[Given records — start]

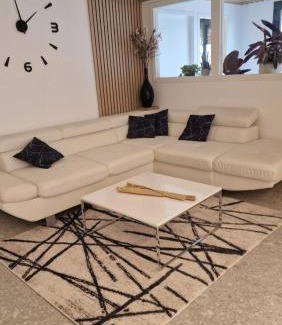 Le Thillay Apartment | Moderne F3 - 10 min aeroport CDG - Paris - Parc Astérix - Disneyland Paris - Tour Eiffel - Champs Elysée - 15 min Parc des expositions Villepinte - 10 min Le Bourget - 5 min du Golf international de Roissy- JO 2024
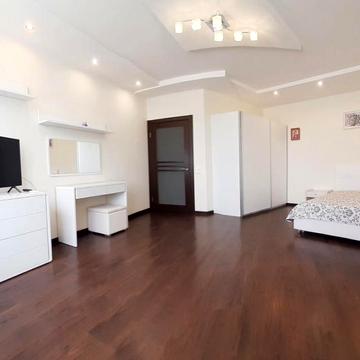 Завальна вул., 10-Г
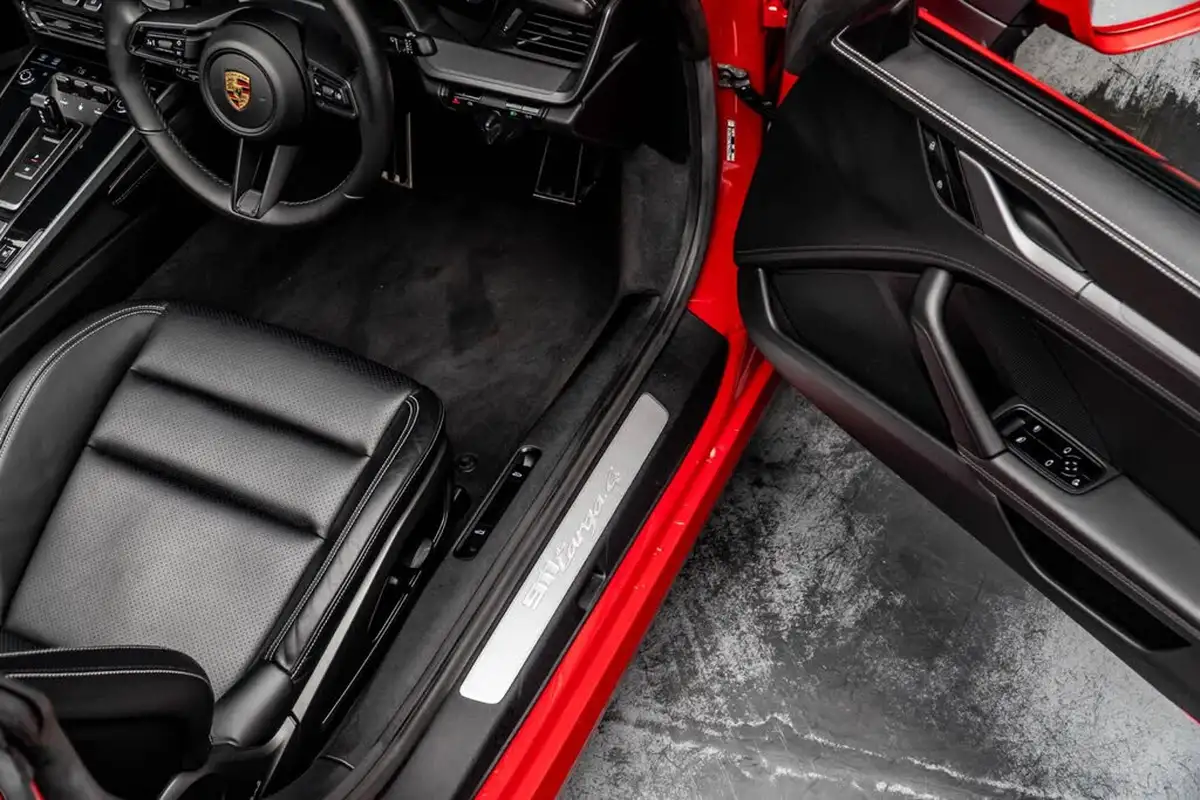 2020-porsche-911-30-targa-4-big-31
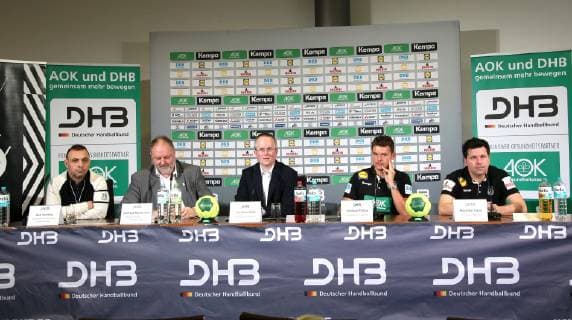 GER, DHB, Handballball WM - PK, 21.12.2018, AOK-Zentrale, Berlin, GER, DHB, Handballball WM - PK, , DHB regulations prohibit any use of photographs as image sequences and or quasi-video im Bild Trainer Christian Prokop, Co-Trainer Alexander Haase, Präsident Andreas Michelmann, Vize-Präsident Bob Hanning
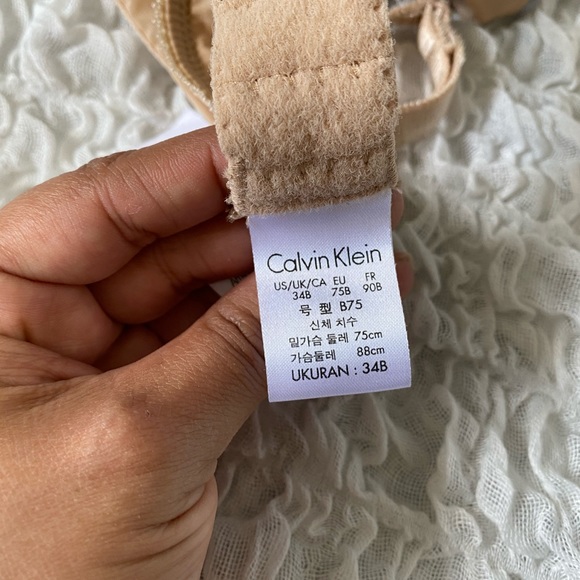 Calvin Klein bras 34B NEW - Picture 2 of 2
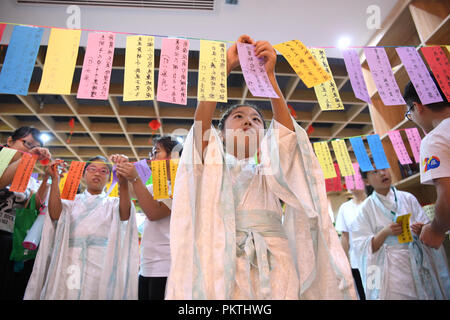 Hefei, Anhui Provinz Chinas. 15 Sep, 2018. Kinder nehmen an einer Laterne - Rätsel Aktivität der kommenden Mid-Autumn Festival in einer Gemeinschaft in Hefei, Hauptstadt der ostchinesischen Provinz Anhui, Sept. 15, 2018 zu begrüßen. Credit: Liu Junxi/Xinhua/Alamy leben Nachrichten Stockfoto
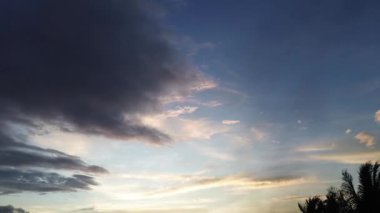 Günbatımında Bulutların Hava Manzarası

[Given records — finish]
[Given records — start]

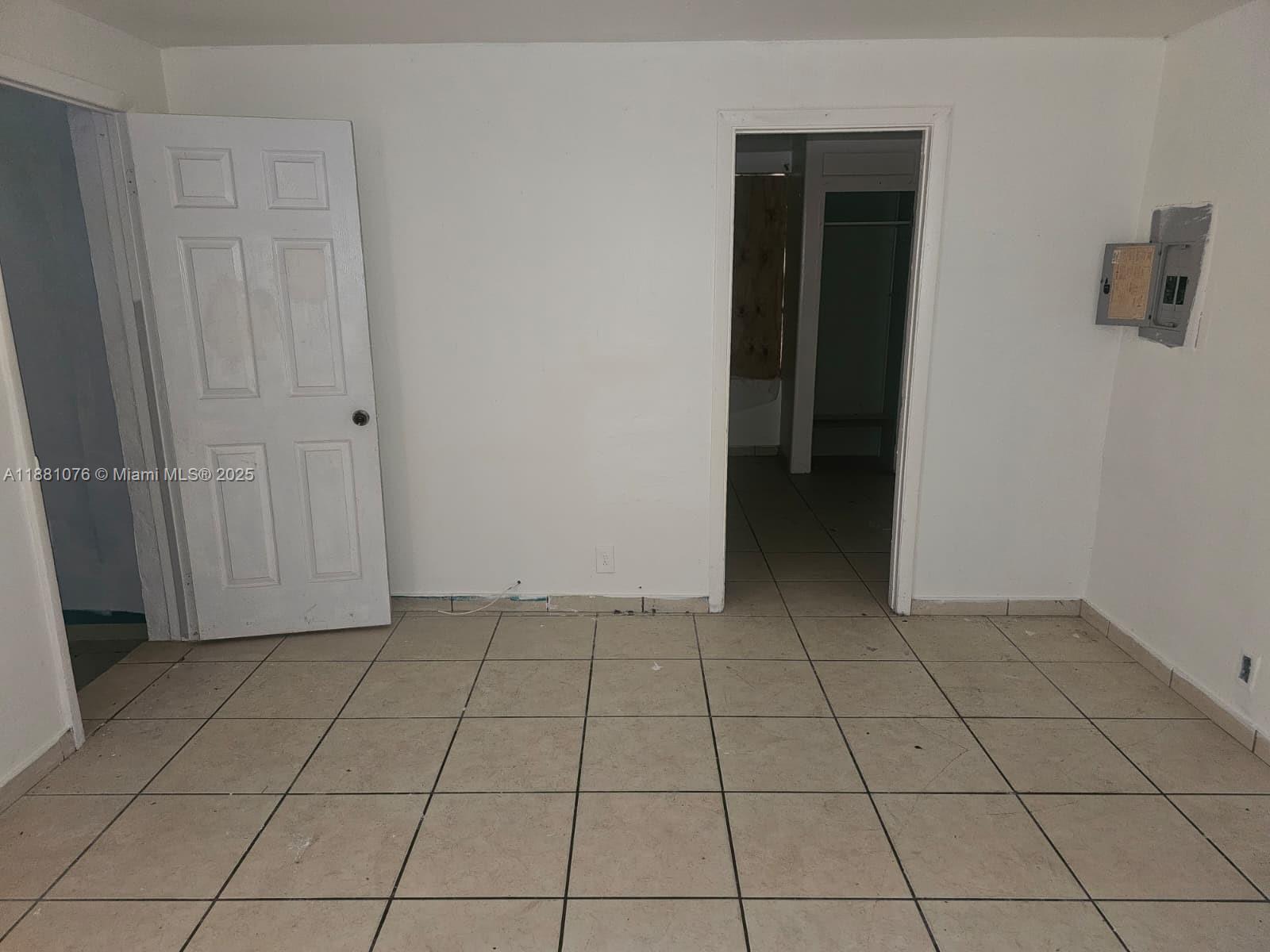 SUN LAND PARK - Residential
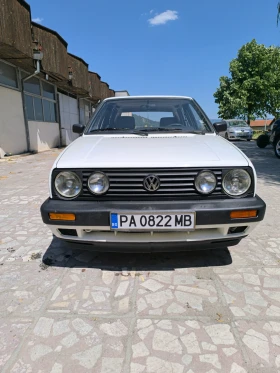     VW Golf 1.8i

[Given records — finish]

Work required: Reproduce the entries exactly, from the line with "2020-porsche-911-30-targa-4-big-31" to the line with "Günbatımında Bulutların Hava Manzarası", both lines included, keeping no pictures.

Answer to this problem:
 2020-porsche-911-30-targa-4-big-31
 GER, DHB, Handballball WM - PK, 21.12.2018, AOK-Zentrale, Berlin, GER, DHB, Handballball WM - PK, , DHB regulations prohibit any use of photographs as image sequences and or quasi-video im Bild Trainer Christian Prokop, Co-Trainer Alexander Haase, Präsident Andreas Michelmann, Vize-Präsident Bob Hanning
 Calvin Klein bras 34B NEW - Picture 2 of 2
 Hefei, Anhui Provinz Chinas. 15 Sep, 2018. Kinder nehmen an einer Laterne - Rätsel Aktivität der kommenden Mid-Autumn Festival in einer Gemeinschaft in Hefei, Hauptstadt der ostchinesischen Provinz Anhui, Sept. 15, 2018 zu begrüßen. Credit: Liu Junxi/Xinhua/Alamy leben Nachrichten Stockfoto
 Günbatımında Bulutların Hava Manzarası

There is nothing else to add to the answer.